Question

Me and Mrs.kim hope to send their daughter to college in eleven years. How much money should they invest now at an interest rate of 9% per year, compounded continuously, in order to be able to contribute 7500 to her education? Do not round any intermediate computations; round your answer to the nearest cent

Answer 1

You have to find how much money they should invest to have a balance of $7500 after eleven years, given that the account compounds continuously with a yearly interest rate of 9%.

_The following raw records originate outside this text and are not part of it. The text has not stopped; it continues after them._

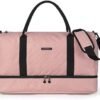 Travel Duffle Bag, BAGSMART 45L Large Carry On Bag Weekender Overnight Bag for Men Women with Shoes Compartment & Wet Pocket, Pink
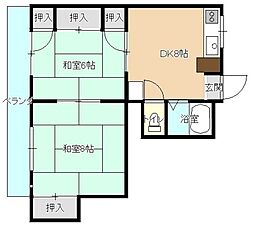 OSビル 2DKの間取図画像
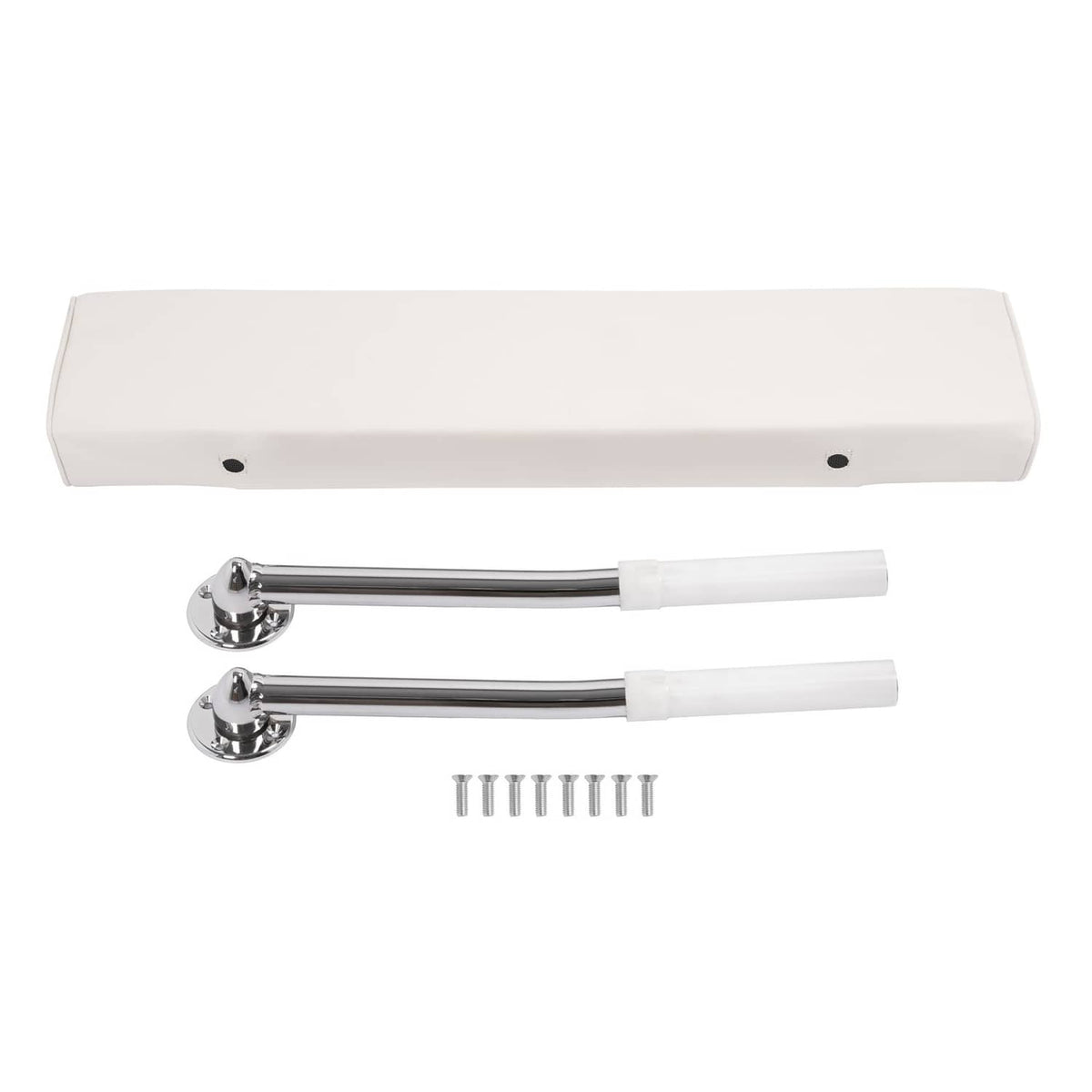 Bethesda Industrial For Universal Boat Seat Backrest W/Folding Arms Leaning Post White + Silvery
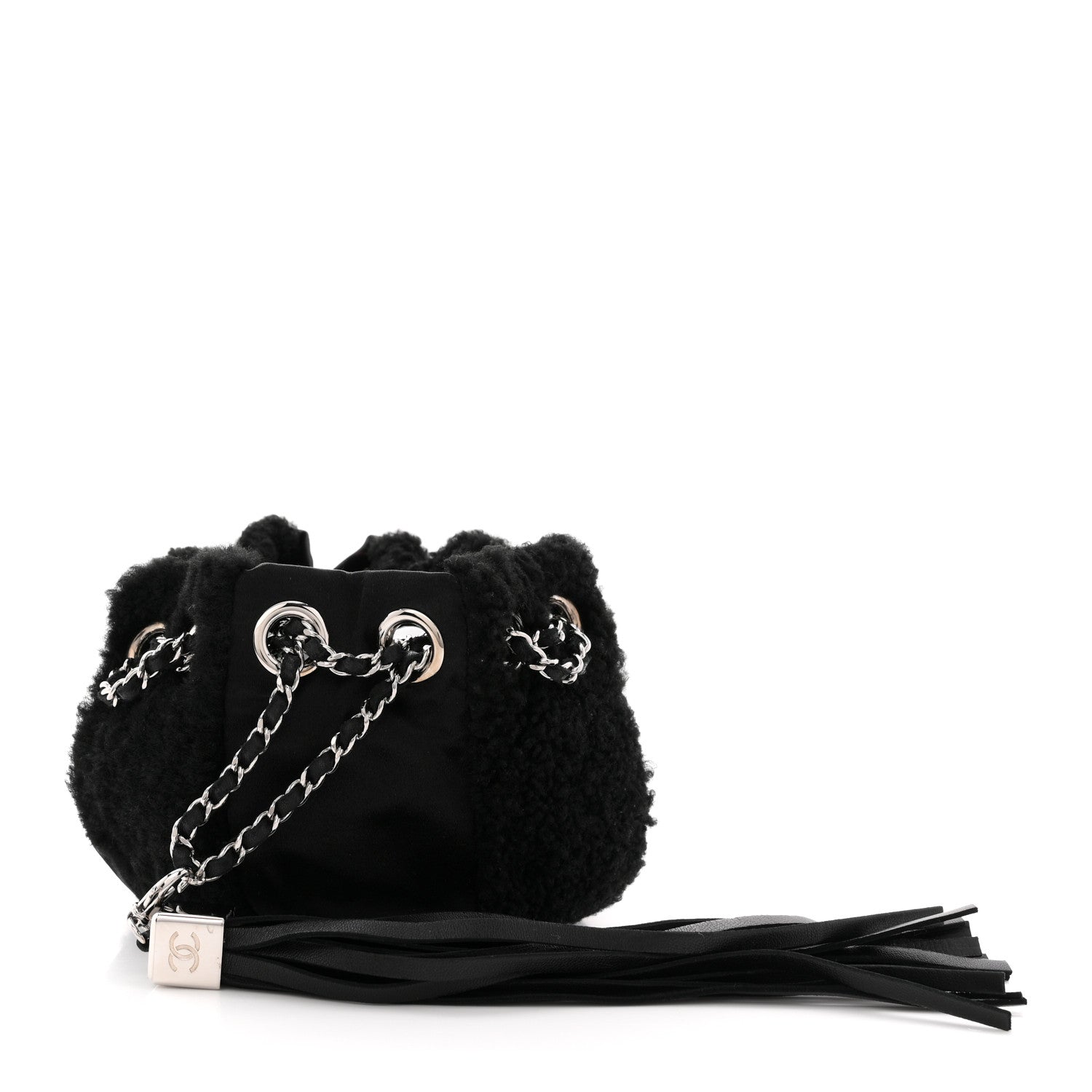 Fur Satin Drawstring Tassel Sac Cordon Shoulder Bag Black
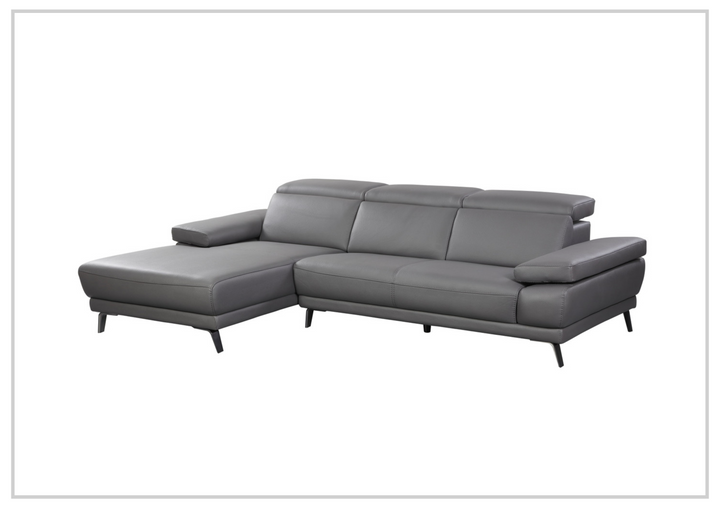 Gio Italia Mercer Leather Sectional Chaise with Adjustable Armrest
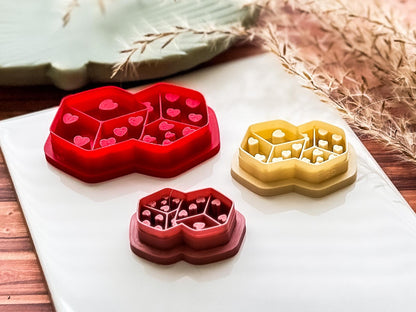 Valentines Dice Clay Cutter With Hearts For Polymer Clay and Fondant, 2.5 - 4.5 cm-Valentines Clay Cutters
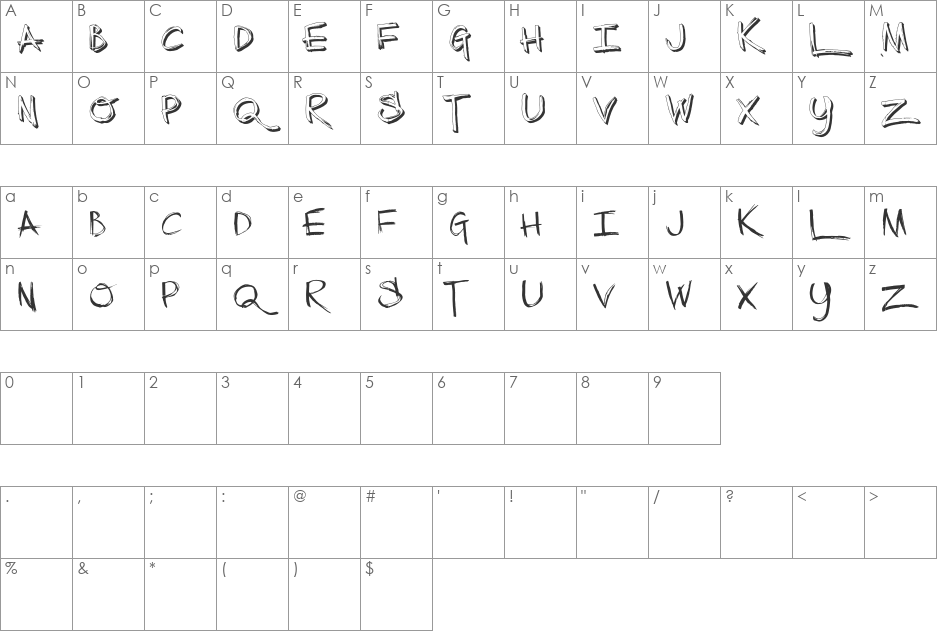 The Low Down font character map preview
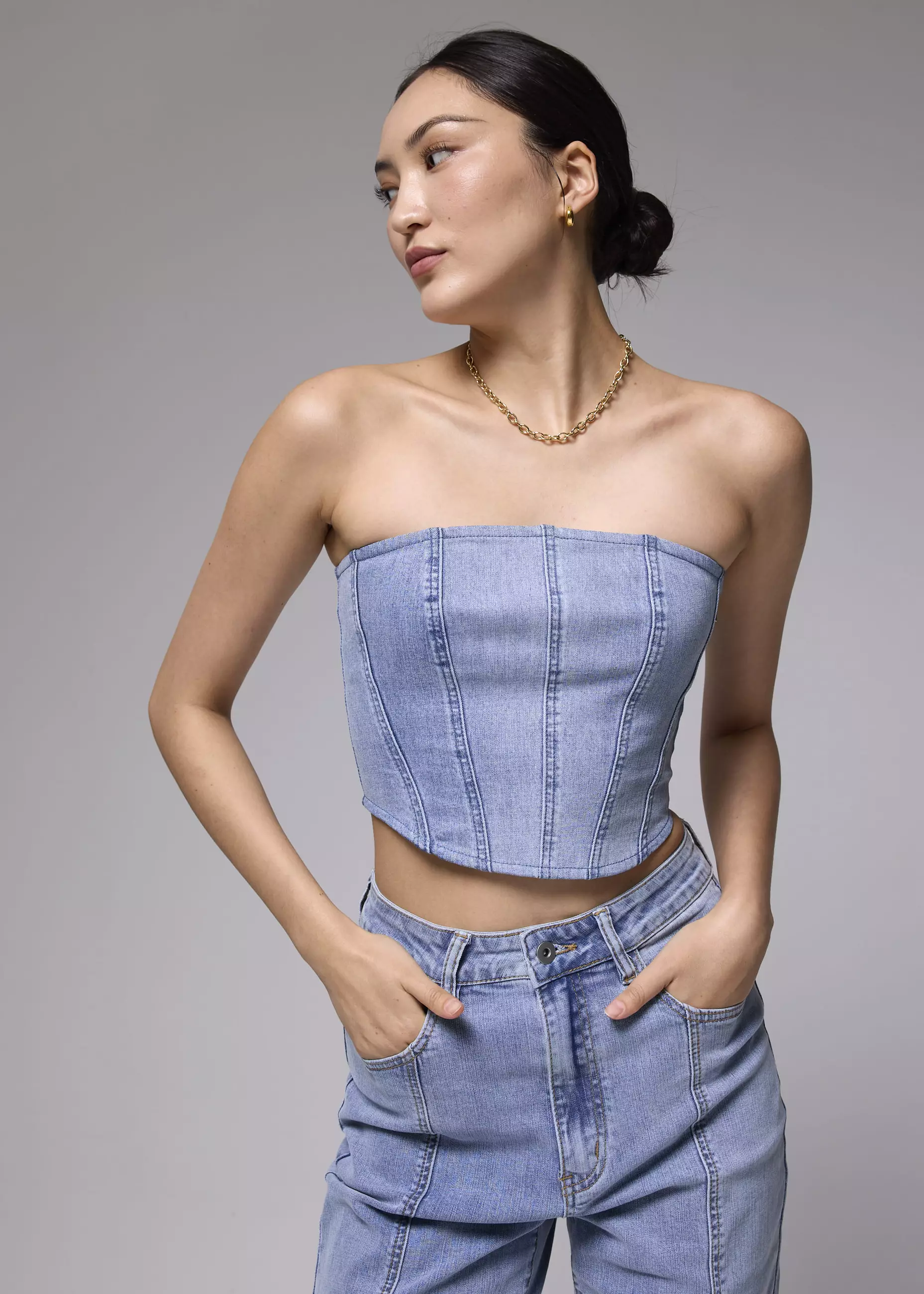 Atasan Wanita - Denim Fitted Crop Tube Top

To calculate the accrued amount of an account that compounds continuously you have to apply the following formula:

`A=Pe^(rt)`

Where

A is the accrued or final amount.

P is the principal or initial amount.

e is the natural number.

r is the interest rate expressed as a decimal value.

t is the time period expressed in years.

To calculate the initial amount P, first write the equation for the variable you want to study:

`\begin{gathered} A=Pe^(rt) \\ Divide\text{ }by\text{ }e^(rt) \\ (A)/(e^(rt))=(Pe^(rt))/(e^(rt)) \\ (A)/(e^(rt))=P \end{gathered}`

- Divide the interest rate by 100 to express it as a decimal value:

`\begin{gathered} r=(R)/(100) \\ r=(9)/(100) \\ r=0.09 \end{gathered}`

Using A=7500, r=0.09 and t=11 calculate the initial amount P:

`\begin{gathered} P=(A)/(e^(rt)) \\ P=(7500)/(e^(0.09*11)) \\ P=(7500)/(e^(0.99)) \\ P=2786.825\cong2786.83 \end{gathered}`

Mr. and Ms. Kim have to invest $2,786.83 to be able to contribute $7,500 to their daughter's education.